Do you understand how you’ve been cheated? Do you understand what a trick that is? Of course, it’s not done on purpose. Joe Greenleaf has got no idea of what he’s doing.

Life has people doing this. They don’t understand it, but they know something’s good about it. Some vocalists will do it before they start a song, but comedians are the main ones who do it, since their whole act consists of talking anyway. They walk out to an audience of strangers, and they’ve learned that it’s good to get the people to approve of something. They’ll come onstage and say, “Hey, it’s great to be back here in Chicago.” And immediately the audience claps and cheers. Then the comedian might say, “How about this weather? Yeah, spring is here. Is this a beautiful day or what?”

“Yeah! Yaaaay!”

Do you understand what’s happening? When you applaud for Chicago, you’re applauding the comedian. He got you to applaud him. And it’s more than that. He’s instantly got you partly on his side.

Ministers on TV do the same thing. They get to the end of some tirade, and they’ll say, “Give the Lord a hand.” And the audience claps and claps. The preacher doesn’t know what he’s doing. It’s not a conspiracy. Well, it’s Life’s conspiracy.

Now I’m using everyday language, but follow me and remember, we’re not talking about country singers or comedians or TV ministers. I’m trying to point out to you what consciousness is, the basis of its operations that no one sees. If you see it now, you’ll be amazed that you never saw it before.

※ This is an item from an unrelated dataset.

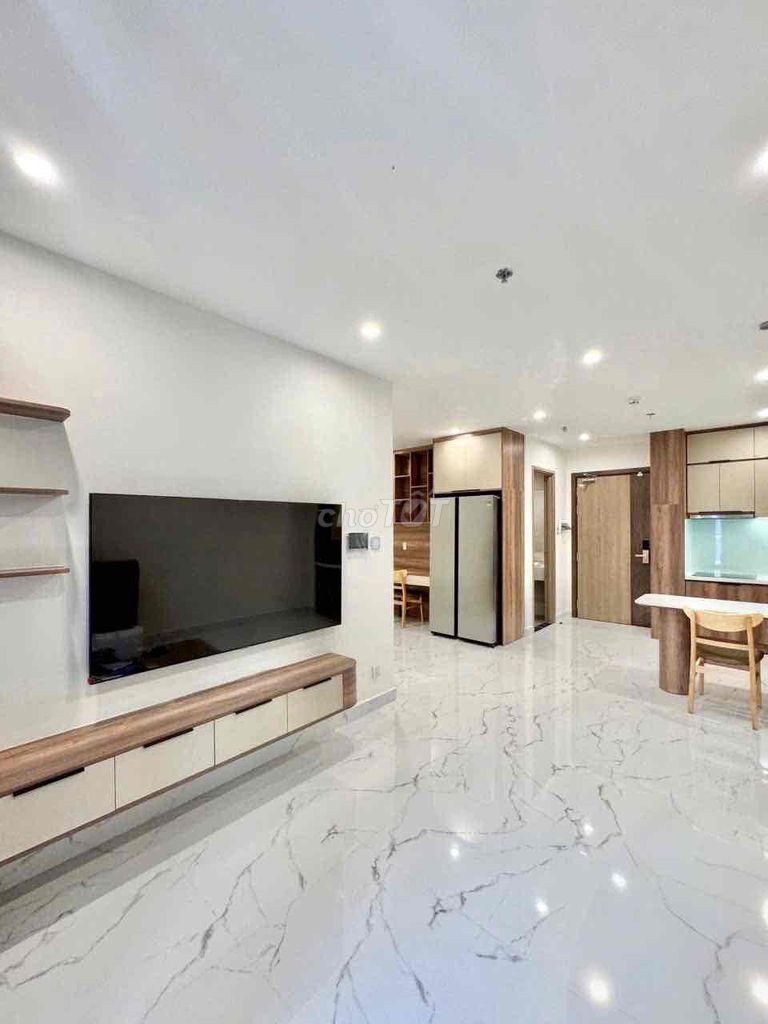Renting - one bedroom+ Full high-end furniture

What happens to the audience also goes on in your brain. Joe Greenleaf, the songwriter, has got everyone in his pocket when he mentions Ernest Tubb and “I’m Walking the Floor over You.” And people love “I’m Walking the Floor Over You.” It was one of the biggest country hits of all time. So in a sense, Joe Greenleaf is reaping the benefit of Ernest Tubb’s whole career, of Tubb’s sixty years in show business, singing his little Texas heart out. Joe Greenleaf now has cashed in on Ernest Tubb’s whole life.

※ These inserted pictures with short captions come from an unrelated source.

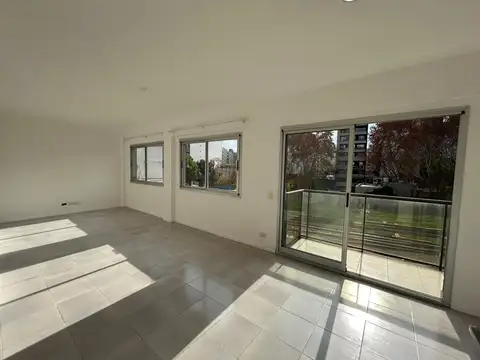 AMPLIO MONOAMBIENTE CON BAULERA EN ALQUILER  - CABALLITO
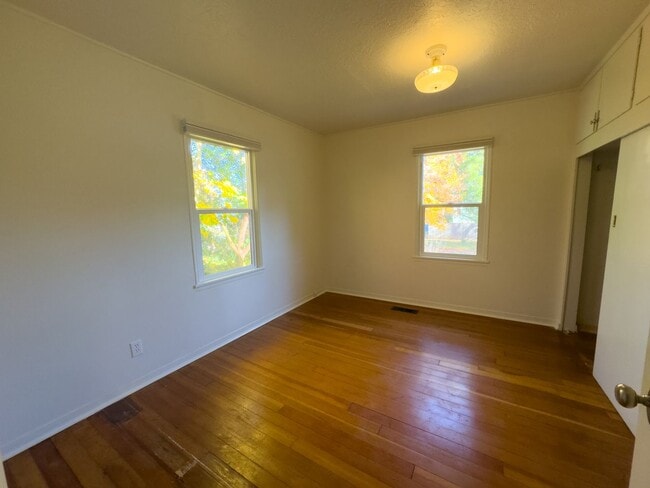 Building Photo - WINTER SPECIAL - Charming 2 Bed 1 Bath Home on Fenced Corner Lot in South Salem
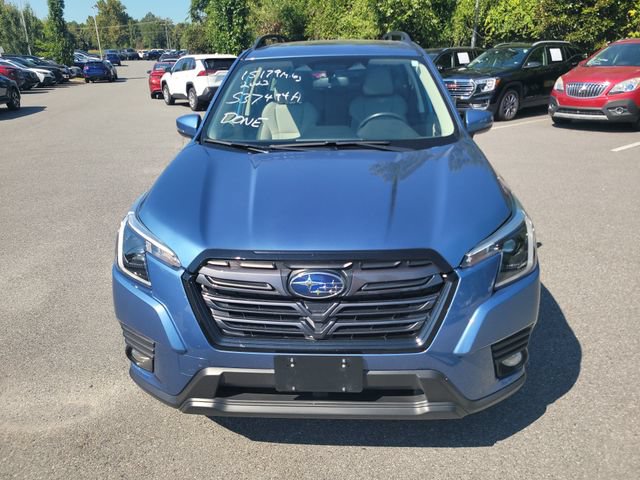 Used 2023 Subaru Forester Limited AWD/4WD image 8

What about you? You’re participating. You hear the words, “Ernest Tubb” and “I’m Walking the Floor over You,” and what happens? Instantly, something starts happening in your brain, with words and even sounds, because if you’re musically inclined, you will even hear the tune to Ernest Tubb’s song. You’ll hear it and you might even get a glimpse of Ernest Tubb, if you ever saw him before in person or on TV or just saw a photo of his face from an album cover. Joe Greenleaf is reaping the benefit not only of Ernest Tubb’s hit song, but of you loving it. Because in your brain you go, “Aaah! Ernest Tubb!” And you’re also applauding Joe Greenleaf’s song.

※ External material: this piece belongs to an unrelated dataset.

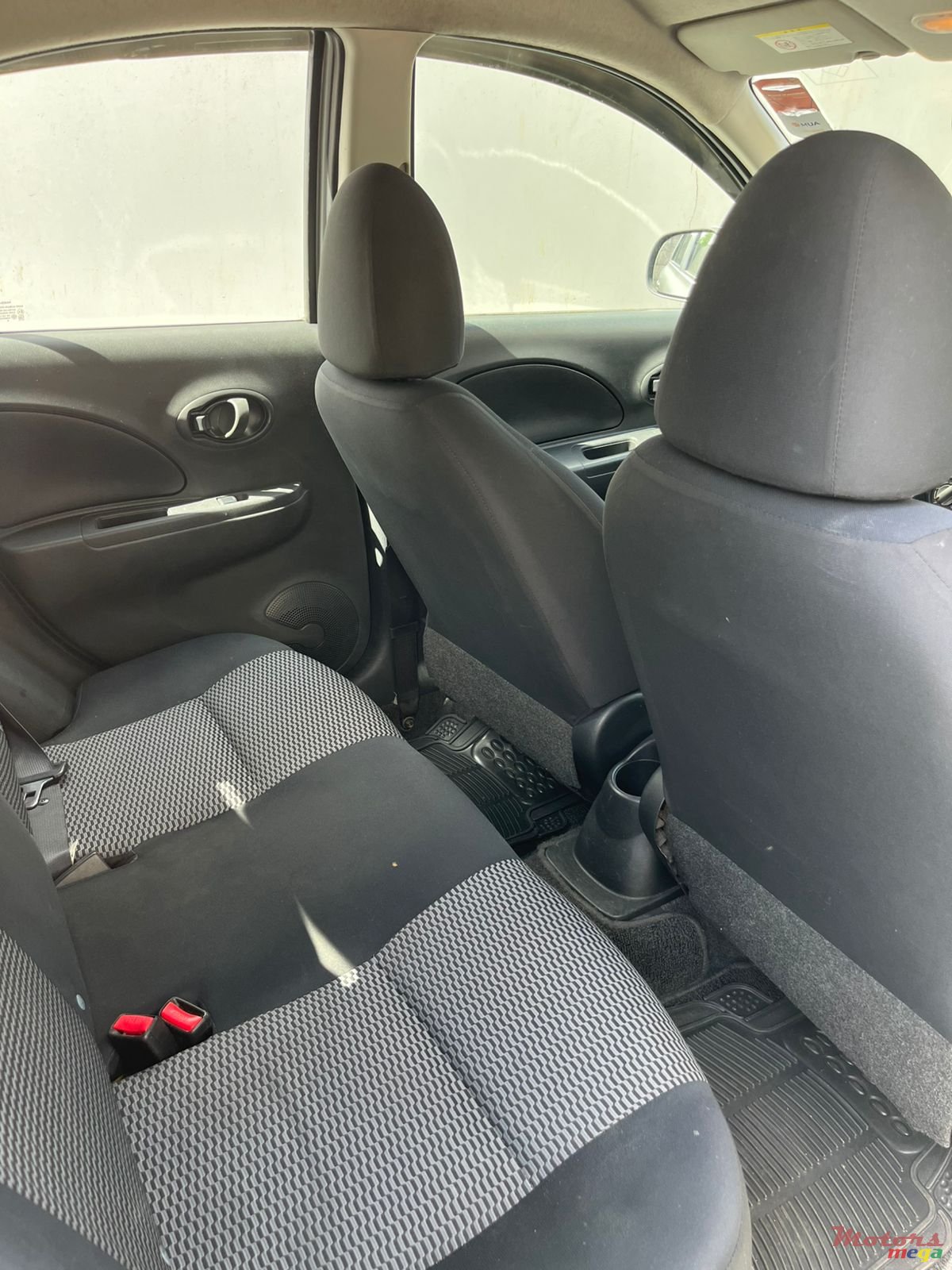 2015' Nissan March photo #1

That’s called “thinking” in the ordinary world.

“Yes, I’m thinking.”

“What were you thinking about?”

“I was thinking what a great artist Ernest Tubb was.”

You call that thinking? I don’t mean that as an attack. That is thinking to your ordinary brain. But if and when what I’m describing hits you like a frying pan between the eyes, your brain will explode.

I tried to describe this on and off for about a year, using the symbolism of the dog in your yard chasing cars, which is the same thing. But this new example bypasses all metaphors and symbolism. I don’t know whether you’re going to find this example more obscure, more oblique than metaphors like dogs chasing cars, but with this example, you can skip all the metaphors. This is literally what goes on.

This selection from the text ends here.